Test Access Port–Test Clock
The test clock is used only with the TAP controller. All inputs are
captured on the rising edge of TCK. All outputs are driven from
the falling edge of TCK.
Test Mode Select
The TMS input is used to give commands to the TAP controller
and is sampled on the rising edge of TCK. It is allowable to leave
this pin unconnected if the TAP is not used. The pin is pulled up
internally, resulting in a logic HIGH level.
Test Data-In (TDI)
The TDI pin is used to serially input information into the registers
and can be connected to the input of any of the registers. The
register between TDI and TDO is chosen by the instruction that
is loaded into the TAP instruction register. For information on
loading the instruction register, see the “TAP Controller State
Diagram” on page 14. TDI is internally pulled up and can be
unconnected if the TAP is unused in an application. TDI is
connected to the most significant bit (MSB) on any register.
Instruction Register
Three-bit instructions can be serially loaded into the instruction
register. This register is loaded when it is placed between the TDI
and TDO pins as shown in the “TAP Controller Block Diagram”
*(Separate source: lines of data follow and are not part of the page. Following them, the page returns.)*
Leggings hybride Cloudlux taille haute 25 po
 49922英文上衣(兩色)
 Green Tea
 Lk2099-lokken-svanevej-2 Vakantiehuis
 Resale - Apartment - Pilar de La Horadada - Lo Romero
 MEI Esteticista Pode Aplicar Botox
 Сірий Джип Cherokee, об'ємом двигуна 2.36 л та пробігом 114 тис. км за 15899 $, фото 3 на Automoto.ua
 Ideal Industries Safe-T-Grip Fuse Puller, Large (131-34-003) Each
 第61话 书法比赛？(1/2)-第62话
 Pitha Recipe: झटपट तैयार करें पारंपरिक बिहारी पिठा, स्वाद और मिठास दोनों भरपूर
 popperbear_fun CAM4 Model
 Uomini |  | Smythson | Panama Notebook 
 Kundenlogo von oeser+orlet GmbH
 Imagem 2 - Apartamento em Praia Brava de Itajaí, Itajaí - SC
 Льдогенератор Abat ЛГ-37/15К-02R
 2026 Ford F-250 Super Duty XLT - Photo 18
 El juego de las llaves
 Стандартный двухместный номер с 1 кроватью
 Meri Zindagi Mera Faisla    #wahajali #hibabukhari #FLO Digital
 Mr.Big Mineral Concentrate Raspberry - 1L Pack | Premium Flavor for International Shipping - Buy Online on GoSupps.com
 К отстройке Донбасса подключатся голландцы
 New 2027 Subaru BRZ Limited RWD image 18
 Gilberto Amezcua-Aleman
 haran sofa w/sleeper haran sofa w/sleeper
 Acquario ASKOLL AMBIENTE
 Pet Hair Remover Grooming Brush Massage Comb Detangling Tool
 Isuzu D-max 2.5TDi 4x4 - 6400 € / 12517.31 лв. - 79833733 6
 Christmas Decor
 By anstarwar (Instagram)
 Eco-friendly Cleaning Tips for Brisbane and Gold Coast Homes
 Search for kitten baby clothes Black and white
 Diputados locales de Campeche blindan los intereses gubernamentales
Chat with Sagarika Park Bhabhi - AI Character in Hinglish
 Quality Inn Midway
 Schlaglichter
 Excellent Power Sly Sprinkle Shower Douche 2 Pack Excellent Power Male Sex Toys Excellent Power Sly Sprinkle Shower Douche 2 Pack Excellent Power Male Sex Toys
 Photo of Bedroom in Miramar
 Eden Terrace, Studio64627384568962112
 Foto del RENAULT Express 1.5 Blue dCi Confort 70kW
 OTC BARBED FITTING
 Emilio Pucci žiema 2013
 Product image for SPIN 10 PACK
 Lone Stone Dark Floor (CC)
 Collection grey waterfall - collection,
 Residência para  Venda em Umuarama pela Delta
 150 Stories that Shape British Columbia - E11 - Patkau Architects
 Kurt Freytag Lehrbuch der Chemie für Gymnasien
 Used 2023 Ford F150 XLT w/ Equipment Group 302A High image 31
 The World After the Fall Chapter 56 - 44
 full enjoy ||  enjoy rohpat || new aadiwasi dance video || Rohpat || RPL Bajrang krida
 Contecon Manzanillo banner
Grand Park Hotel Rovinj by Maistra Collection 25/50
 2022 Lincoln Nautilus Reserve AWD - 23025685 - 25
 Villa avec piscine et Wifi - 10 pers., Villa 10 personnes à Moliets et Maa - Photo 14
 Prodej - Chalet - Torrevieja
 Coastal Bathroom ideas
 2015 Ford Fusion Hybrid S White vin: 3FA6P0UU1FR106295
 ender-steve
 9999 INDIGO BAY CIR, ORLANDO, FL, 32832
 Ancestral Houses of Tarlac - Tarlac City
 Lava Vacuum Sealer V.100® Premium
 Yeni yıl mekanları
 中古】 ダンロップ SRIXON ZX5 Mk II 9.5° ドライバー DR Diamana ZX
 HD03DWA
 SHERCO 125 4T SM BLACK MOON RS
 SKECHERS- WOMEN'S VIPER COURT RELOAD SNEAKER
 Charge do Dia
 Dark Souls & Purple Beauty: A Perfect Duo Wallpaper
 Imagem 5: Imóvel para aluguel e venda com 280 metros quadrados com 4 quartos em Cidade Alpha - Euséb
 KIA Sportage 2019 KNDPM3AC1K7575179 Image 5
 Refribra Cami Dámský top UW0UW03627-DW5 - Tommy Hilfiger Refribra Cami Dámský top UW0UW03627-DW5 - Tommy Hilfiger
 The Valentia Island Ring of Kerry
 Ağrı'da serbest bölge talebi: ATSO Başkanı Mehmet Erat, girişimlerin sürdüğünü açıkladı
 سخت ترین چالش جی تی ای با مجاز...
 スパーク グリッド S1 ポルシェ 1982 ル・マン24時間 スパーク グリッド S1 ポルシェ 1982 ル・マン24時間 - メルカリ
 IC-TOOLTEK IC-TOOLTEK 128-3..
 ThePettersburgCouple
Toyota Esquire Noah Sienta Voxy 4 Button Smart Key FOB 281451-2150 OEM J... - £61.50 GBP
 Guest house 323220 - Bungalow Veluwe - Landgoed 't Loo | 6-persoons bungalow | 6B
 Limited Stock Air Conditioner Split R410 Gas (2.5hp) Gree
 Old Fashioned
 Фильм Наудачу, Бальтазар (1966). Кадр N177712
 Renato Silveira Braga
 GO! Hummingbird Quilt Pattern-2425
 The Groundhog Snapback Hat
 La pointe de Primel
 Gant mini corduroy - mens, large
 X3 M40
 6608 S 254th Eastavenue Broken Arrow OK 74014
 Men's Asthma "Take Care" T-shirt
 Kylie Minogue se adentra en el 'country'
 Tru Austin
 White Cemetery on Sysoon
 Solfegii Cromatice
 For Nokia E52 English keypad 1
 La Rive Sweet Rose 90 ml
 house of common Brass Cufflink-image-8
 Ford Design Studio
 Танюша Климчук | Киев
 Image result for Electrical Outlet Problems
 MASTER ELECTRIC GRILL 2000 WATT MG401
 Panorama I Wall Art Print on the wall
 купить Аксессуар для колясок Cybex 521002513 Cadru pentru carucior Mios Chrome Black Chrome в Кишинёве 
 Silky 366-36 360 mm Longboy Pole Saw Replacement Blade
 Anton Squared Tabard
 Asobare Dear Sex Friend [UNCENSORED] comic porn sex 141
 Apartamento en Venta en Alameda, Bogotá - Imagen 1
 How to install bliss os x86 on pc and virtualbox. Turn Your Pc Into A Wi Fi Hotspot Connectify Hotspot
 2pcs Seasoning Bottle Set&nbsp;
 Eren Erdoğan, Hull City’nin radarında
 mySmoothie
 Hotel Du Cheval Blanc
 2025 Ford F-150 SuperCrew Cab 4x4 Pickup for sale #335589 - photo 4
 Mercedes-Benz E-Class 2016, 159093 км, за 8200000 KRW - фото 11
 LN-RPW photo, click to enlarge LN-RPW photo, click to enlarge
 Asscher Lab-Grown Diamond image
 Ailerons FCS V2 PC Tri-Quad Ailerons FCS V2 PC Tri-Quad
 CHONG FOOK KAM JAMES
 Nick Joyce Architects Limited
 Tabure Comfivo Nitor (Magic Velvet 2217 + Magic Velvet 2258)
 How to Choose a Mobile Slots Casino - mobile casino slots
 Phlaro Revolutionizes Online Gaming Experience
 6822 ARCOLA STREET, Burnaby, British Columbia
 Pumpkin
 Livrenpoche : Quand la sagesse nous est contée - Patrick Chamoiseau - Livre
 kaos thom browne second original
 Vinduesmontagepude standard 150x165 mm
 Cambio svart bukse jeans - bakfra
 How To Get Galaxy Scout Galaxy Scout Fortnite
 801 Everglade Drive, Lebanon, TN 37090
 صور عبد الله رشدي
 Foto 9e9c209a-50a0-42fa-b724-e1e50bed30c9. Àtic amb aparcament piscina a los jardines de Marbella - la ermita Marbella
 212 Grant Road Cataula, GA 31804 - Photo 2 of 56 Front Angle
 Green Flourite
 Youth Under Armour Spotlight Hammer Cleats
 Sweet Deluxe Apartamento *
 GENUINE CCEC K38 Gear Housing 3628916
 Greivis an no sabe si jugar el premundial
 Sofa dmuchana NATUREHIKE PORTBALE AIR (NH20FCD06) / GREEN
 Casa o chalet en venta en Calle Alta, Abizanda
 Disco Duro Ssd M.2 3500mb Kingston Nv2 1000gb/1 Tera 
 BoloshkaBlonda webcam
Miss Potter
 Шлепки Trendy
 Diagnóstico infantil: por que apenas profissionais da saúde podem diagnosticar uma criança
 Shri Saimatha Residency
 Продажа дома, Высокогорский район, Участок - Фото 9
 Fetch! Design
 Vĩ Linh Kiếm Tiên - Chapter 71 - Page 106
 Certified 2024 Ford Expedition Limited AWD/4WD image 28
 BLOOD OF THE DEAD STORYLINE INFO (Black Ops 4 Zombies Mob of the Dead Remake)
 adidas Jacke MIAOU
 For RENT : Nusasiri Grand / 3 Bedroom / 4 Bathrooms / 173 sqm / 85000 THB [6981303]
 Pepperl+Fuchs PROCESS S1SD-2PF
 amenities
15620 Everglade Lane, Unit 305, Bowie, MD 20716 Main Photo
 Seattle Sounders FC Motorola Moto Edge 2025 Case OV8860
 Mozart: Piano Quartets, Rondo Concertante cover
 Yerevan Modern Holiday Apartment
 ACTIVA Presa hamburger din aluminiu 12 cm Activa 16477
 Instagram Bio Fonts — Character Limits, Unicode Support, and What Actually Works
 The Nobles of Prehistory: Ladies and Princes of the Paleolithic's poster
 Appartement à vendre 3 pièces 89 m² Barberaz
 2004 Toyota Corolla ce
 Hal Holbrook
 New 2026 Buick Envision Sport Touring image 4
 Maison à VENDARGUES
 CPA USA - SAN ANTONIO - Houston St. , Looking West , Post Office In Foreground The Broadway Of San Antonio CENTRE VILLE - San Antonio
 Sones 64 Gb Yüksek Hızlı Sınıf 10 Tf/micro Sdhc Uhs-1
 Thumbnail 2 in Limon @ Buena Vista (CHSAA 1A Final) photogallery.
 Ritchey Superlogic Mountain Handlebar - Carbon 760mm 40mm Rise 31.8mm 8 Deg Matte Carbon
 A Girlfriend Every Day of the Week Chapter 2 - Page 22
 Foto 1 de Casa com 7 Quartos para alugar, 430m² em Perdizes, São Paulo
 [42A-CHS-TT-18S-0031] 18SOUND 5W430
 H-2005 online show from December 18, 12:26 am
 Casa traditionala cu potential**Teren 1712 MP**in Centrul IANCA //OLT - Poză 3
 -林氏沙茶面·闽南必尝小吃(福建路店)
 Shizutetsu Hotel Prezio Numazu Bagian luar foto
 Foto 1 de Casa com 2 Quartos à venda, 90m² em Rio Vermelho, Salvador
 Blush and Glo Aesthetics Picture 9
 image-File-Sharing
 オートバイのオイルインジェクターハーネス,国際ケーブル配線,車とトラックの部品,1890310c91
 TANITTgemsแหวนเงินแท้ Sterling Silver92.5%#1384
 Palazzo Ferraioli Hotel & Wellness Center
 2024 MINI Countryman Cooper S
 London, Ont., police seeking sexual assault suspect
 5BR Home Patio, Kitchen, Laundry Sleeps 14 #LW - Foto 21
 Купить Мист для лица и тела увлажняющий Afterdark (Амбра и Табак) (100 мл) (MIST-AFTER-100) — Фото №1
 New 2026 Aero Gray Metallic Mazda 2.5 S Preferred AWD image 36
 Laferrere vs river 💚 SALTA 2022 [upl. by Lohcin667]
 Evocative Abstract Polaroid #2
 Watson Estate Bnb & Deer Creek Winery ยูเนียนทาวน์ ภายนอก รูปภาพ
on page 15. Upon power up, the instruction register is loaded
with the IDCODE instruction. It is also loaded with the IDCODE
instruction if the controller is placed in a reset state as described
in the previous section.
When the TAP controller is in the Capture IR state, the two least
significant bits are loaded with a binary “01” pattern to allow for
fault isolation of the board level serial test path.
Bypass Register
To save time when serially shifting data through registers, it is
sometimes advantageous to skip certain chips. The bypass
register is a single-bit register that can be placed between TDI
and TDO pins. This allows data to be shifted through the SRAM
with minimal delay. The bypass register is set LOW (VSS) when
the BYPASS instruction is executed.
Boundary Scan Register
The boundary scan register is connected to all of the input and
output pins on the SRAM. Several no connect (NC) pins are also
included in the scan register to reserve pins for higher density
devices.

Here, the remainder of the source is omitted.